▶ EXERCISE OBJECTIVE: Write the data below out in full, exactly as it stands.

Short web captions:
-------

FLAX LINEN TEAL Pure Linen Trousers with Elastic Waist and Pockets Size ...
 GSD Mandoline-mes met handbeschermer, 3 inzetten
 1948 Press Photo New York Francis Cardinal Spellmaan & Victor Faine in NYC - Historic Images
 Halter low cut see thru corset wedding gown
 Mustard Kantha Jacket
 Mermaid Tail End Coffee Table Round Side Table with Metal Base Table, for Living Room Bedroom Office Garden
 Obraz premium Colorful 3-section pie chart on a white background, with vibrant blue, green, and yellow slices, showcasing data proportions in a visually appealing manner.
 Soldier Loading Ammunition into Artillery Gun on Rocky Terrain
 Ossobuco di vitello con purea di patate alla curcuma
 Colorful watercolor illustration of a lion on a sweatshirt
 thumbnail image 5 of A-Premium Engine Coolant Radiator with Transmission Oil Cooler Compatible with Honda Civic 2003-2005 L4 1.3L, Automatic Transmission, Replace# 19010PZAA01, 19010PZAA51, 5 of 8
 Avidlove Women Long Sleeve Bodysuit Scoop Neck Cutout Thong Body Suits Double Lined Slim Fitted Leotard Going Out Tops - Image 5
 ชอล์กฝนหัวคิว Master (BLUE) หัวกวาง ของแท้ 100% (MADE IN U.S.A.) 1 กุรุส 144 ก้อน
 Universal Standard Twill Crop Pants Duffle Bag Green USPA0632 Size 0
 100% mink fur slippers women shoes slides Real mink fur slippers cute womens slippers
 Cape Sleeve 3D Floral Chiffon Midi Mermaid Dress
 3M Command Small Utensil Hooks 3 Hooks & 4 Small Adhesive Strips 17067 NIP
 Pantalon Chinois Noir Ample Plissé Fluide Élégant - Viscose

-------

▶ REPLY TO THE TASK:
FLAX LINEN TEAL Pure Linen Trousers with Elastic Waist and Pockets Size ...
 GSD Mandoline-mes met handbeschermer, 3 inzetten
 1948 Press Photo New York Francis Cardinal Spellmaan & Victor Faine in NYC - Historic Images
 Halter low cut see thru corset wedding gown
 Mustard Kantha Jacket
 Mermaid Tail End Coffee Table Round Side Table with Metal Base Table, for Living Room Bedroom Office Garden
 Obraz premium Colorful 3-section pie chart on a white background, with vibrant blue, green, and yellow slices, showcasing data proportions in a visually appealing manner.
 Soldier Loading Ammunition into Artillery Gun on Rocky Terrain
 Ossobuco di vitello con purea di patate alla curcuma
 Colorful watercolor illustration of a lion on a sweatshirt
 thumbnail image 5 of A-Premium Engine Coolant Radiator with Transmission Oil Cooler Compatible with Honda Civic 2003-2005 L4 1.3L, Automatic Transmission, Replace# 19010PZAA01, 19010PZAA51, 5 of 8
 Avidlove Women Long Sleeve Bodysuit Scoop Neck Cutout Thong Body Suits Double Lined Slim Fitted Leotard Going Out Tops - Image 5
 ชอล์กฝนหัวคิว Master (BLUE) หัวกวาง ของแท้ 100% (MADE IN U.S.A.) 1 กุรุส 144 ก้อน
 Universal Standard Twill Crop Pants Duffle Bag Green USPA0632 Size 0
 100% mink fur slippers women shoes slides Real mink fur slippers cute womens slippers
 Cape Sleeve 3D Floral Chiffon Midi Mermaid Dress
 3M Command Small Utensil Hooks 3 Hooks & 4 Small Adhesive Strips 17067 NIP
 Pantalon Chinois Noir Ample Plissé Fluide Élégant - Viscose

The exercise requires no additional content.